Using multicore chips for real-time operating systems (RTOS) have become a major focus of the industry. Many approaches have been suggested: use an SMP OS; run individual OSes on each core in an AMP solution; or run on bare metal without any OS. Each approach has its pros and cons. With SMP you get great flexibility, but you have to rewrite your applications and pay a performance penalty for sharing of OS resources you might not use. With AMP, you get better performance but there is a major effort in getting the OSes to cooperate. Finally, with bare metal you get the best performance, but you have to write all of the OS-like functionality you need yourself.

In this talk, we present the multicore version of our RTOS OSE, in which we aim to get bare metal performance combined with much of the flexibility of an SMP OS. The focus of the presentation will be on the design trade-offs we have made in order to achieve this goal. As a case study, we show how OSE multicore version can be used in a carrier-grade telecommunications platform, to provide good performance, scalability and flexibility.
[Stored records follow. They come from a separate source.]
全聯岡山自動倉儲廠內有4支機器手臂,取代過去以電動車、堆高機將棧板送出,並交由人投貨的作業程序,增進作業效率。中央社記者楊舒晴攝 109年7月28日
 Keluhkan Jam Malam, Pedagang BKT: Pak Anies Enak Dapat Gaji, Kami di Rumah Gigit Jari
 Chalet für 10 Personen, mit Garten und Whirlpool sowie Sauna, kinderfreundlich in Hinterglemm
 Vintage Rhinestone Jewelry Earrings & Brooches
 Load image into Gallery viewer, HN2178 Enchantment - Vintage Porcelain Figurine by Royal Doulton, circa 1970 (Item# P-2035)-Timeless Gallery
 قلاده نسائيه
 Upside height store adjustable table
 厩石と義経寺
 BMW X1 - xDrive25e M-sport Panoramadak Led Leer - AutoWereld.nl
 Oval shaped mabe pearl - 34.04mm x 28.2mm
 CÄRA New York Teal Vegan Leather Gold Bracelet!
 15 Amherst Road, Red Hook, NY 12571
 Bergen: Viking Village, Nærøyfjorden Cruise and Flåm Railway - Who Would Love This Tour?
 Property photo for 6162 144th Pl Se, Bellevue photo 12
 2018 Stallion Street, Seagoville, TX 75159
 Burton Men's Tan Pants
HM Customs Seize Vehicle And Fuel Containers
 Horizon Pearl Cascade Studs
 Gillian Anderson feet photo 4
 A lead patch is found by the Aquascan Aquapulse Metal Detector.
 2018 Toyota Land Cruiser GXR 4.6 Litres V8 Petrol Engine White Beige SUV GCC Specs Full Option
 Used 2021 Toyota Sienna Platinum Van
=========================================

Speakers


James Reinders

James Reinders is a senior engineer who joined Intel Corporation in 1989 and has contributed to projects including the world's first TeraFLOP supercomputer (ASCI Red), compilers and architecture work for a number of Intel processors and parallel systems. James has been a driver behind the development of Intel as a major provider of software development products, and serves as their chief evangelist as well as their director of sales and marketing. Reinders is the author of a recent Nutshell book "Intel Threading Building Blocks" from O'Reilly Media which has been translated this year to Japanese and Chinese. James is a columnist for the "The Gauntlet" found online at http://go-parallel.com, and author of the book "VTune Performance Analyzer Essentials" from Intel Press and has published numerous articles and is widely interviewed on parallelism. James received his B.S.E. in Electrical and Computing Engineering and M.S.E. in Computer Engineering from the University of Michigan.


Per Stenström

Per Stenström is a professor of computer engineering at Chalmers University of Technology. His research interests are devoted to hardware/software interaction in high-performance computer systems. He has authored/coauthored more than a hundred publications in this area and has chaired several top-class conferences including IEEE/ACM ISCA and IEEE HPCA. He also acts as editor of Journal of Parallel and Distributed Computing, the IEEE TCCA Computer Architecture Letters, and editor-in-chief of the Transactions on High-Performance Embedded Architectures and Compilers. He is a founding member of the EU funded Network of Excellence HiPEAC and a founder of the startup Nema Labs. He was elevated to Fellow of the IEEE in 2007.


David Padua
David Padua is Donald Biggar Willet Professor of computer science at the University of Illinois at Urbana-Champaign, where he has been a faculty member since 1985. At Illinois, he has been Associate Director of the Center for Supercomputing Research and Development, a member of Science Steering Committee of the Center for Simulation of Advanced Rockets, and chair of the College of Engineering Faculty Advisory Committee. He has served as a program committee member, program chair, or general chair for more than 40 conferences and workshops. He served on the editorial board of the IEEE Transactions of Parallel and Distributed Systems, as editor-in-chief of the International Journal of Parallel Programming (IJPP) and as Steering Committee Chair of ACM SIGPLAN’s Principles and Practice of Parallel Programming. He is member of the editorial boards of the Journal of Parallel and Distributed Computing, ACM Transactions on Programming Languages and Systems (TOPLAS), and IJPP. His areas of interest include compilers, machine organization, and parallel computing. He has published more than 140 papers in those areas. He is a Fellow of the IEEE and the ACM.